Consensus: We will mull this idea over and come back to it at the next Emergency Meeting.

Aggie: She's flirting with [the waiter]. Nice touch.

All agree.

4D: What about the Schedule?

Aggie: The schedule really doesn't work well for those of us with Oppositional Defiance Disorder like me and the Chair.

CS: It also doesn't work for those of us who are INFP and I think both Aggie and I are INFP.

Coyote: What's INFP?

CS: A Meyer's Briggs classification.

Coyote: Oh yeah, I think I'm that too.

4D: Well, the schedule works well for me. Knowing that I'm supposed to post something on Sunday allows me to post without worrying about the content. It worked for the Chair a couple of times, he posted things that he might not have otherwise that were really good.

Consensus: 4D will post on Sundays. Everyone else will post whenever they feel like it.

Aggie: She's self-touching.

4D: But it's her leg below the table where he can't see it.

Aggie: Doesn't matter. It's a good sign.

4D: So do you think sex tonight?

CS: No!

Aggie: I think could be.

Coyote: I don't think so with his body language.

4D: I think she'd be ready for it, but he's too nervous to make a move. All these signs that are so clear to us are like a fog to him.

4D: So Conch Shell, is there any chance of you posting again?

CS: "Yes. There is." We have a brief discussion on the mollusk endangerment work that has occupied so much of Conchie's time lately. CS is encouraged to write about how she has dealt with the anxieties surrounding this project.

Consensus: All look forward to CS' return to blogging. 4D and Coyote indicate they are happy to assist with graphical support.

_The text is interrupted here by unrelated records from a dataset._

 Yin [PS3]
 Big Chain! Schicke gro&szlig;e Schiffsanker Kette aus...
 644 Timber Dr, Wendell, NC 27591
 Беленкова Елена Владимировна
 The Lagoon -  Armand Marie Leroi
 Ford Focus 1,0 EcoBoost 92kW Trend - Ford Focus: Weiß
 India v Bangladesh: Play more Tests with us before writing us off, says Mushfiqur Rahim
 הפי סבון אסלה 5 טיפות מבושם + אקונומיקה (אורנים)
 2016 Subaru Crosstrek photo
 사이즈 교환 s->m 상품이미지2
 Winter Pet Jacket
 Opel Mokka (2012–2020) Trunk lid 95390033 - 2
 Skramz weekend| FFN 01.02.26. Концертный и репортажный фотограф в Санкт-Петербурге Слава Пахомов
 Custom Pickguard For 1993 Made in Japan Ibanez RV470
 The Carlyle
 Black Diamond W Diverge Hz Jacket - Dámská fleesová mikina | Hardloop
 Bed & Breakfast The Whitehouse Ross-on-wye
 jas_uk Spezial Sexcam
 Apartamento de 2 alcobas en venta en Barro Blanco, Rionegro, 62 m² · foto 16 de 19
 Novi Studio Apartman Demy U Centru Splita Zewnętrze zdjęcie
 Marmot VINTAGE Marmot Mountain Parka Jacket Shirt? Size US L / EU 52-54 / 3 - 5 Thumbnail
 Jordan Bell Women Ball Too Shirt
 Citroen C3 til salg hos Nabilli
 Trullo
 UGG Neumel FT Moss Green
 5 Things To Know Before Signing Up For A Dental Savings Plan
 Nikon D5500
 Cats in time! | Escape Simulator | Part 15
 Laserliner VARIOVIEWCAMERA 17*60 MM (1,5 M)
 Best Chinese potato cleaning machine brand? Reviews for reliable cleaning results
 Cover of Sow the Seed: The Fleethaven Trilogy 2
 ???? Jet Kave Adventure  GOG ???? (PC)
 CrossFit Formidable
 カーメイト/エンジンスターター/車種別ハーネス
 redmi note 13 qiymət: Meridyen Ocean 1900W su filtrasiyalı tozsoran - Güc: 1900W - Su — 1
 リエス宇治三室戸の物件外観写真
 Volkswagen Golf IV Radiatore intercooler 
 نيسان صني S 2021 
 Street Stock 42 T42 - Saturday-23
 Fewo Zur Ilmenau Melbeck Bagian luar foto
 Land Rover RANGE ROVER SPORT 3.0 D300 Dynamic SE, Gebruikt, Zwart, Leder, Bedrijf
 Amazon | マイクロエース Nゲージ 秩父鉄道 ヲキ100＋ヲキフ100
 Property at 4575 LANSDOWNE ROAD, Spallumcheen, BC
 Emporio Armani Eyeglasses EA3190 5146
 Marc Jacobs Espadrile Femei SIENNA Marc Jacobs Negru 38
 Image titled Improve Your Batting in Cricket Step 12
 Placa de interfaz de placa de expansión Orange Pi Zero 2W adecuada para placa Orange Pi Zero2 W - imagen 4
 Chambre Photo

4D: She's paying with a credit card.

Aggie: He paid at the counter.

Coyote: So Dutch treat. Bad sign, right?

4D: [Shrugs] Who knows with kids these days.

The meeting is adjourned.

A new couple takes the table next to the ESI table. He is perhaps ten years older than her.

Coyote: He's dressed like a slob and she's dressed like a model. I don't see this going anywhere.


Anonymous said...

When would you people be announcing the winner of the contest contest?

zoom said...

I love the name of the Contest Contest!